## PROBLEM DETAILS
Copy every line from the one that holds "He who fears god, fears nothing else." to the end of the records below, exactly and with nothing else, but without any pictures.

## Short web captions
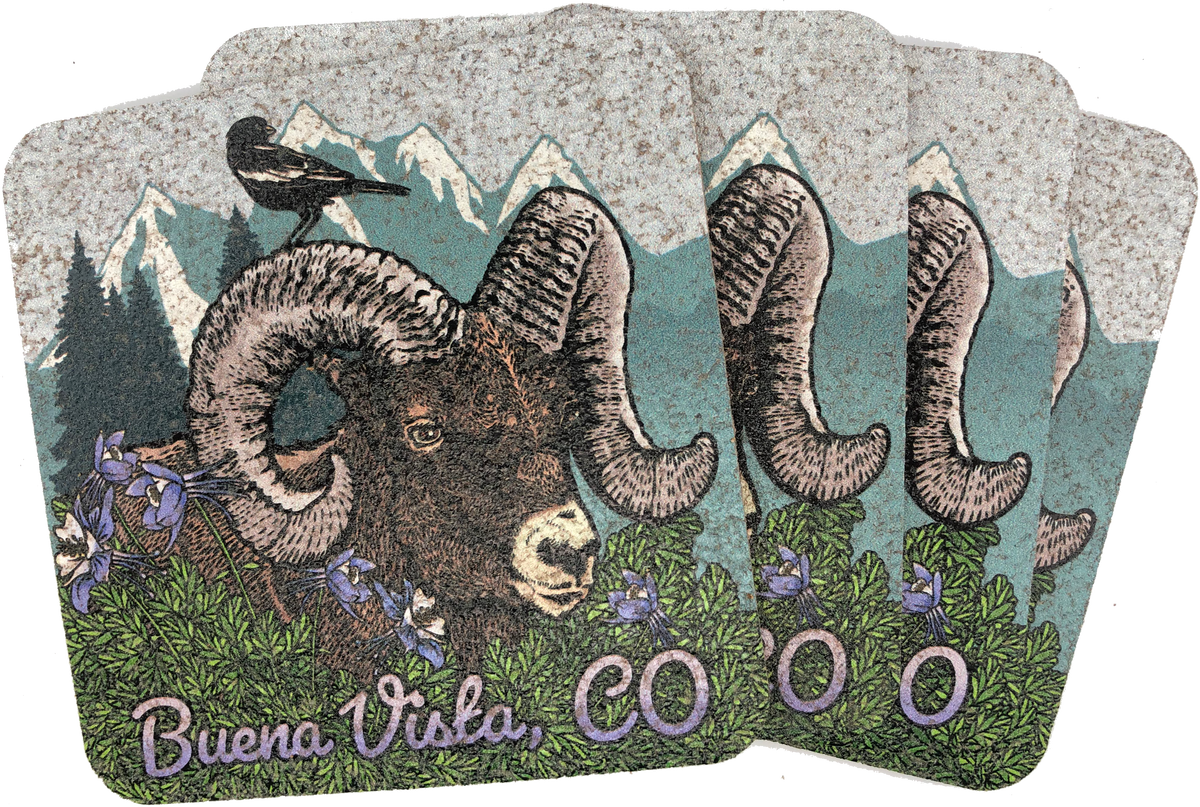 Bighorn Sheep Coaster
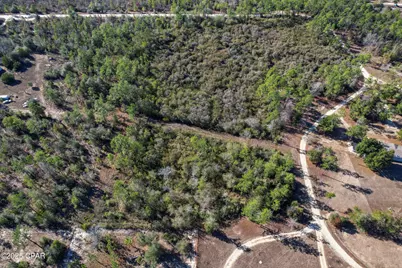 0 Stevens Road, Altha, FL 32421 - Photo 13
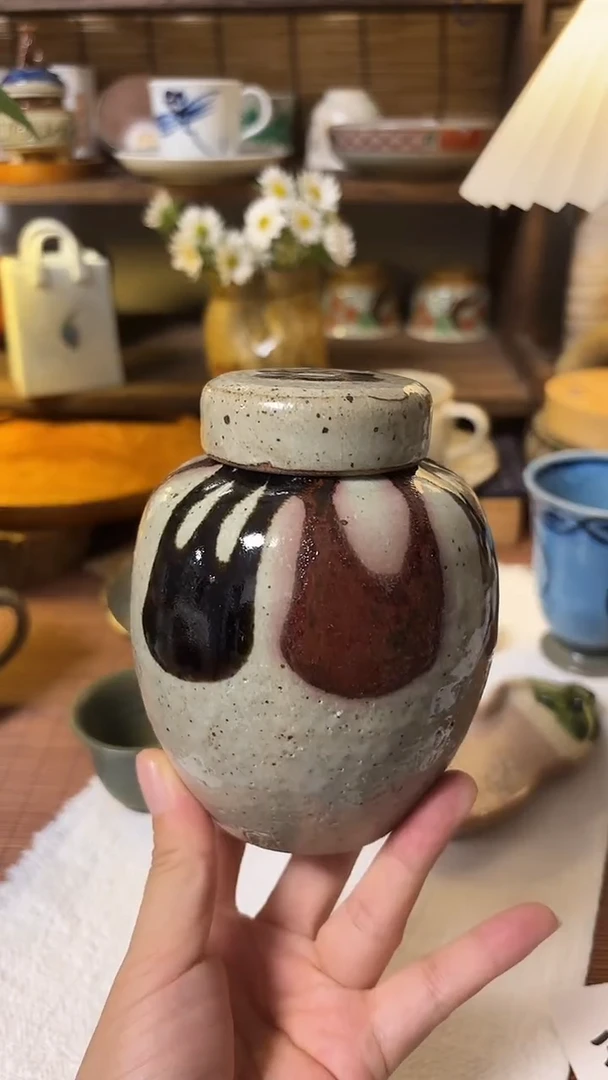 瓷片喵喵家都是大漂亮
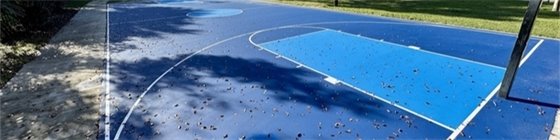 Henry Lee and Suburbia Park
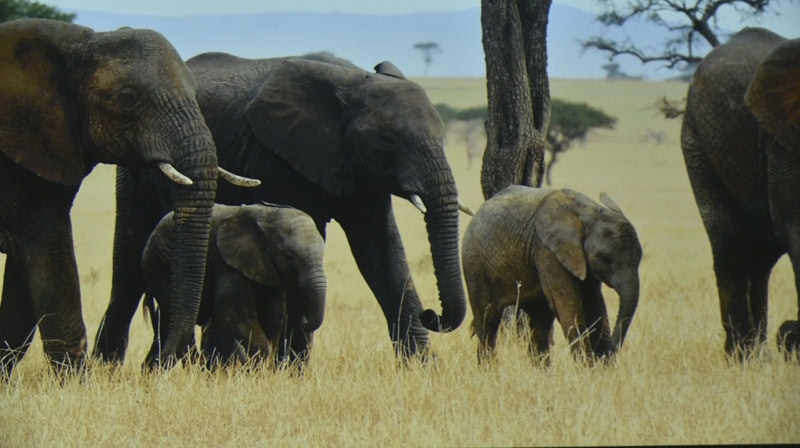 World Elephant & Lion Film Festival at Southampton Arts Center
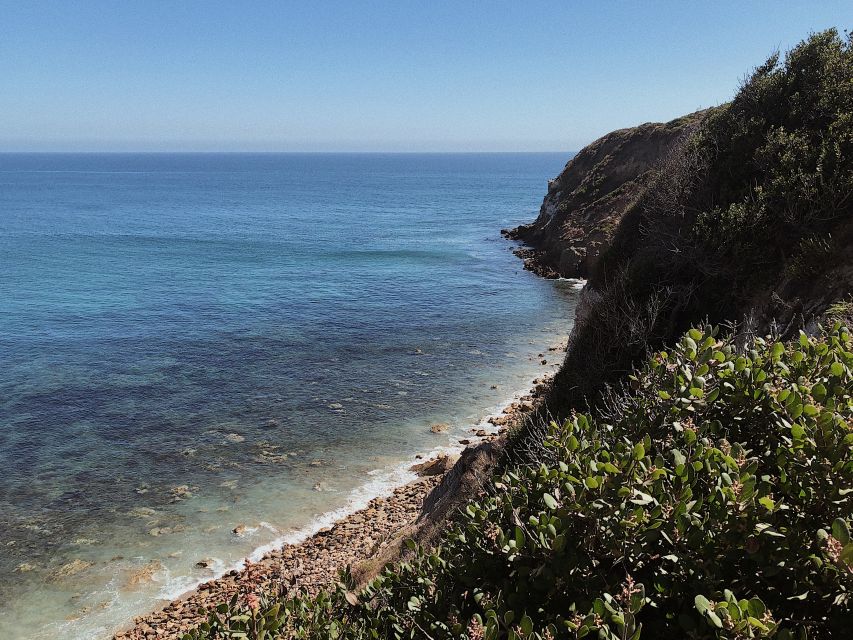 Malibu: Vintage VW Sightseeing Tour and Wine Tasting - Who this tour is perfect for (and who should skip it)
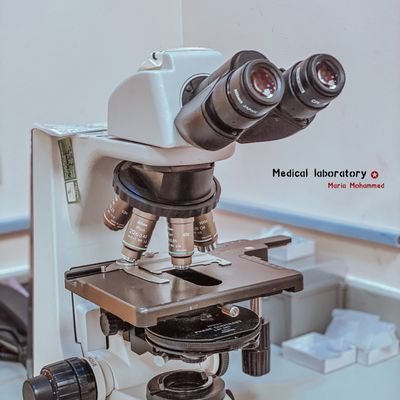 SultanS74167076's profile picture. Aspire to inspire before you expire.

He who fears god, fears nothing else.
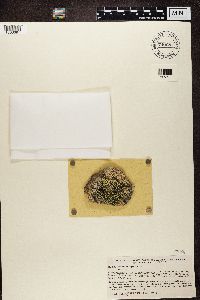 Rhizocarpon geographicum image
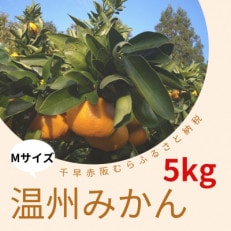 【大阪千早赤阪村】昔ながらの製法で丁寧に育てた「村の温州みかん」Mサイズ_5kg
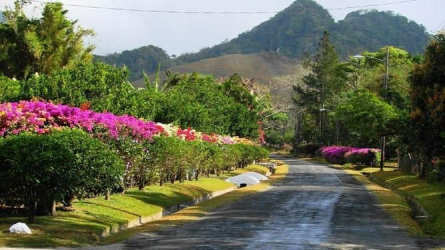 Paved residential road with lush tropical gardens and mountain views in El Valle Panama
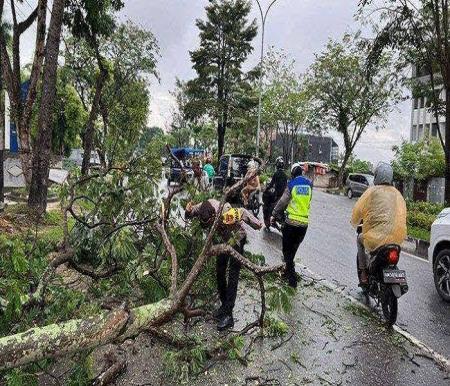 Ilustrasi Pekanbaru rawan pohon tumbang di musim hujan (foto/int)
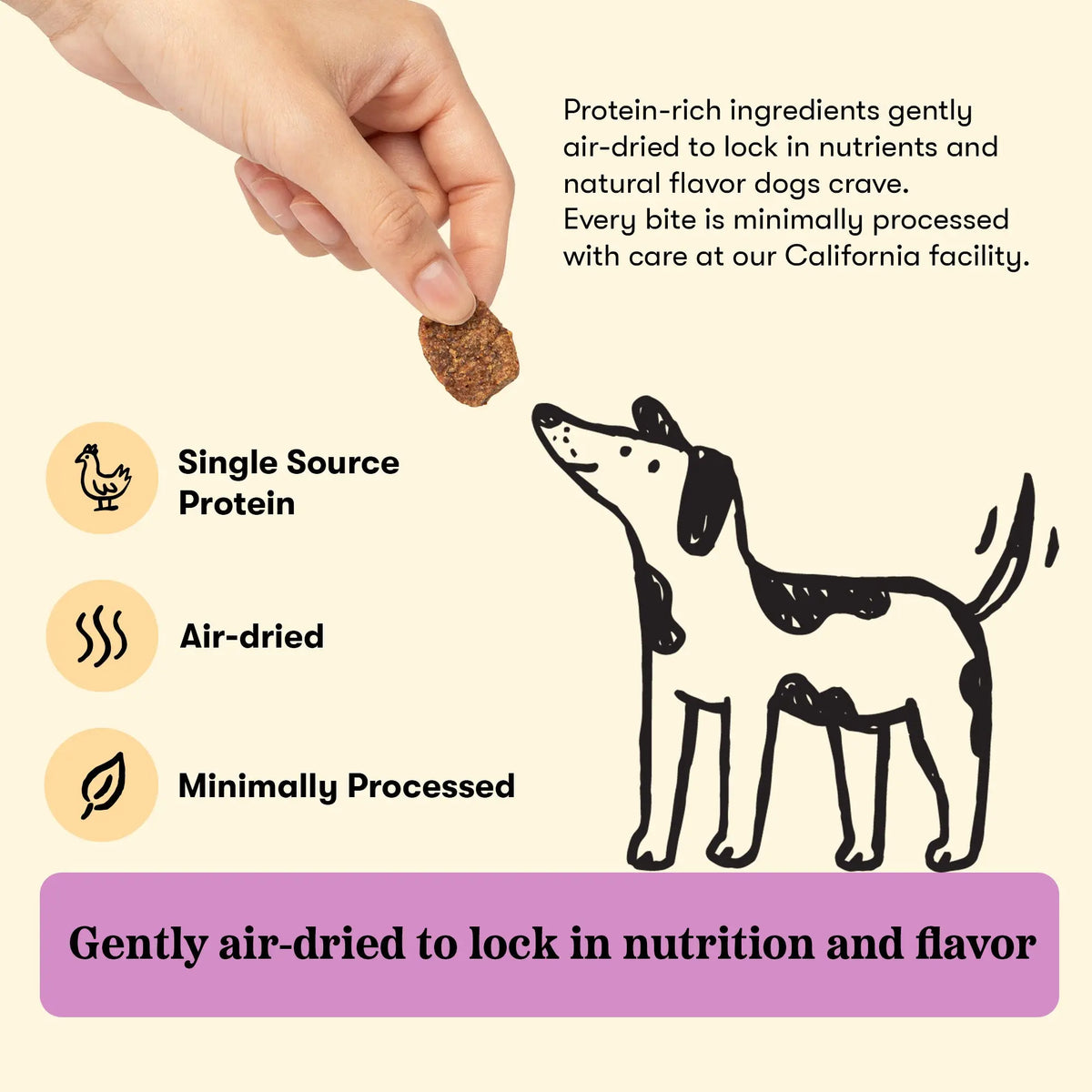 Plato Jerky Bites Chicken with Blueberry, Dog Treat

## ANSWER TO THE EXERCISE
He who fears god, fears nothing else.
 Rhizocarpon geographicum image
 【大阪千早赤阪村】昔ながらの製法で丁寧に育てた「村の温州みかん」Mサイズ_5kg
 Paved residential road with lush tropical gardens and mountain views in El Valle Panama
 Ilustrasi Pekanbaru rawan pohon tumbang di musim hujan (foto/int)
 Plato Jerky Bites Chicken with Blueberry, Dog Treat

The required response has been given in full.